Venturing into the dark: gloomy multiplicities
Tim Edensor and Nick Dunn
Darkness is multiple, situational, contested. In this introductory chapter, we seek to underpin these contentions by foregrounding the sheer diversity of values, ideals, sensory experiences, cultural practices and creative engagements that have been entangled with darkness across space and time. Our account thus endeavours to provide a compendious review of the rich writings on darkness that have been disseminated across the humanities and social sciences and have surged in recent years. We align ourselves with the contemporary academic, creative, ecologically inspired and aesthetic reappraisals of darkness that are challenging the long-standing negative associations that have prevailed until recently.
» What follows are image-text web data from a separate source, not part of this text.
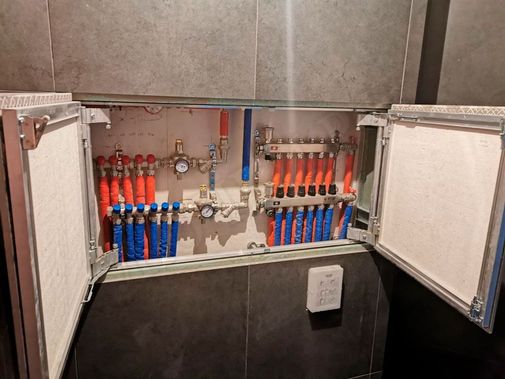 Люк под плитку Секрет 3.0, 2 створки 900*1250 Люк под плитку Секрет 3.0, 2 створки 900*1250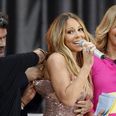 VIDEO – Mariah Carey’s Dress Pops While On Stage, But She Has A Pretty Good Sense Of Humour About It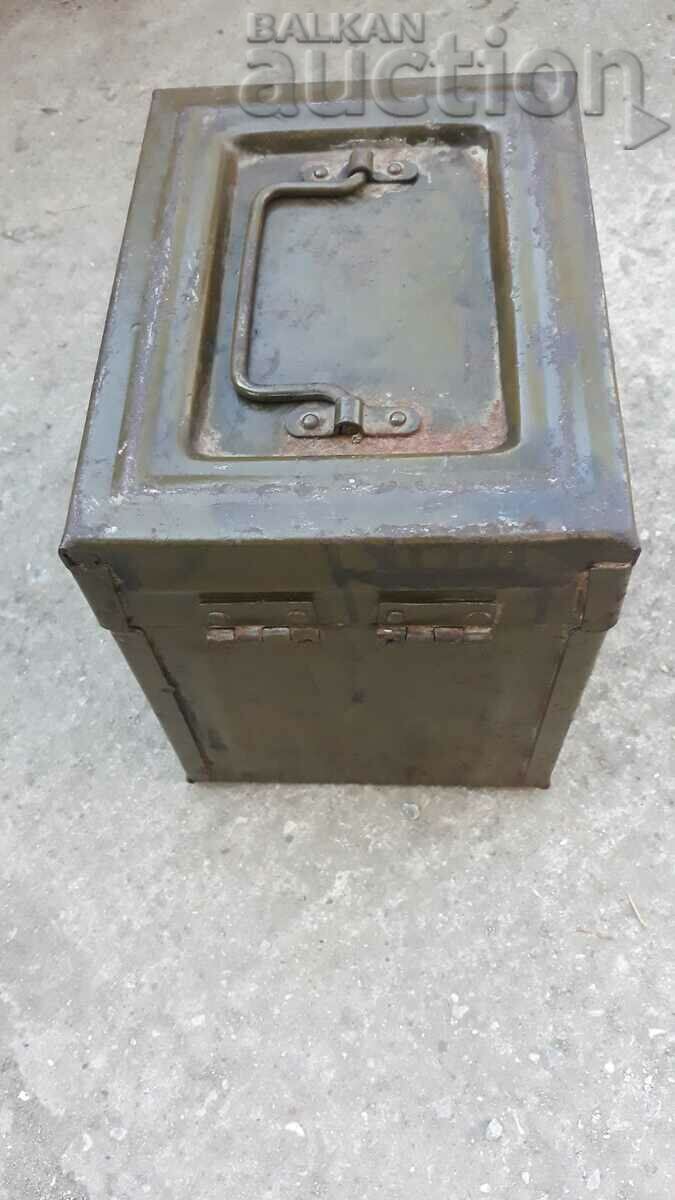 Delivery of vintage military box box cartridge tube Delivery of vintage military box box cartridge tube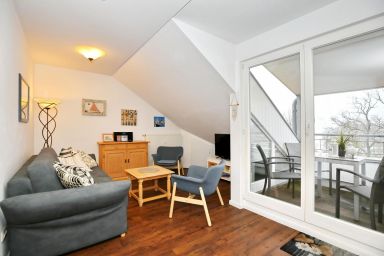 Meeresblick - 2-Zimmer-Wohnung für bis zu 4 Personen mit Ost-Loggia und seitlichem Meerblick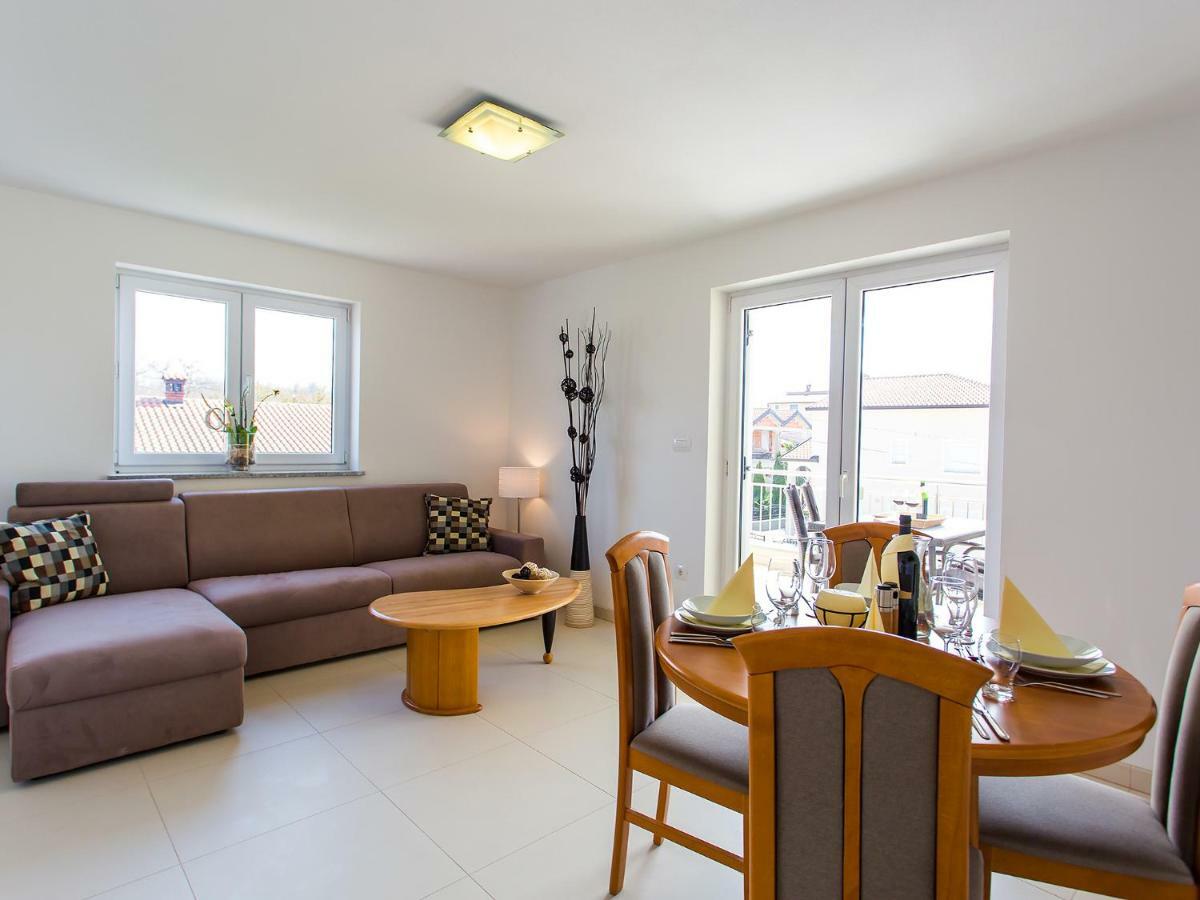 Apartment Maestral Poreč Exteriör bild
We have sought to honour this ongoing rehabilitation by editing this book, selecting a series of exciting chapters that further extend the analysis offered in this introduction and expand understandings about darkness and its meanings, uses and qualities. In contextualising the chapters, we look respectively at the hugely historically and spatially diverse ways in which people have conceived and utilised darkness, at the capacities of darkness to reconfigure sensory experience in manifold ways, at the numerous ways in which creative practitioners and artists of all kinds have deployed darkness and, finally, at how darkness has been variously utilised in design practices.

The multiple meanings and uses of darkness across time and space

In Western culture, forms of received wisdom and common sense have typically considered darkness to be laden with negative attributes. From medieval times, as Galinier et al. (2010: 820) contend, darkness has symbolised ‘pagan obscurantism - deviancy, monstrosity, diabolism’. It is hardly surprising that in a culture saturated with widespread beliefs that a host of powerful supernatural forces lurked in dark corners, the night held multifarious terrors for most people. The devil carried out his work at night, and sinister hobgoblins, ghouls, ghosts, witches, demons and dark elves could be discerned in shadows and murky shapes. These superstitious beliefs about the dark were fuelled by Christian orthodoxies which drew on biblical passages to underline absolute distinctions between a malign darkness and a godly realm of light. Most obviously, Genesis 1:2–5 describes how all was subsumed in darkness until God created light, a notion poetically rendered in John Milton’s Paradise Lost: ‘Confusion heard his voice, and wild uproar Stood ruled, stood vast infinitude confined; Till at his second bidding darkness fled, Light shone, and order from disorder sprung’ (2008: 83). The light is further conceived as that condition inhabited by believers, as Ephesians 5:8 articulates: ‘you were once darkness, but now you are light in the Lord. Live as children of light, for light produces every kind of goodness and righteousness and truth’. Craig Koslofsky (2011) identifies these continuing associations of darkness with witchcraft and devilry, heresy, sin and death throughout the seventeenth and eighteenth centuries, with the devout struggling through the temptations and terrors of ‘the long night of the soul’.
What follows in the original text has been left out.